We'll trust teenagers with decisions about how to run the country, but not how to run their own lives.


Joe Sohm/

The Washington, D.C., City Council is rapidly advancing a measure that would lower the voting age to 16. On Thursday, the council's Judiciary and Public Safety Committee unanimously passed the Youth Vote Amendment Act, which would allow 16- and 17-year-olds to vote in all elections, from local races to the presidency.

This would be a national first. A number of D.C. suburbs in Maryland let 16- and 17-year-olds vote, but ony in local races. In Berkeley, California, this same age bracket is allowed to vote in school board elections.

The sponsor of the measure, Councilmember Charles Allen, praised Thursday's outcome, arguing that 16-year-olds are already making weighty decisions and thus can be trusted with participating in elections.
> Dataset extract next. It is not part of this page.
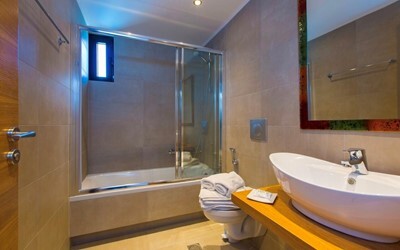 Superior 2 Bedroom Apartment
"They're caretakers of parents or siblings. They're helping their family by working a job (or two). Some may be parents themselves. And they're engaged in the issues of our city just like everyone else," he says on Twitter. "They deserve to have their voice heard."

Allen's not wrong that 16- and 17-year-olds are trusted with a number of decisions associated with adulthood, from holding down a job to getting a driver's license to—in D.C., though not in every state—sexual consent. It's odd, therefore, that we restrict their right to vote.

It's also odd that Allen would be the one making this argument, given his past support for other laws that restrict these same young people from making decisions about their own lives.

Back in 2016, when a proposal was floated to increase D.C.'s smoking age to 21, Allen voted in favor of taking this choice away from young people. He was joined by Councilmembers Elissa Silverman and Mary Cheh, both of whom support his measure to lower the voting age.

It's remarkably inconsistent to advocate that 16-year-olds are responsible enough to do things like raise a child and participate in the democratic process, yet too irresponsible to decide whether they want to smoke a cigarette.

Yet this increasingly is our lot. Our marginal impact on choosing the leaders and laws that govern us is treated as sacrosanct, while the decisions we might make about our lives, and only our lives, are subject to an endless degree of regulations, restrictions, or prohibitions.

By all means, we should let 16-year-olds vote. We should let them do a lot of other things, too.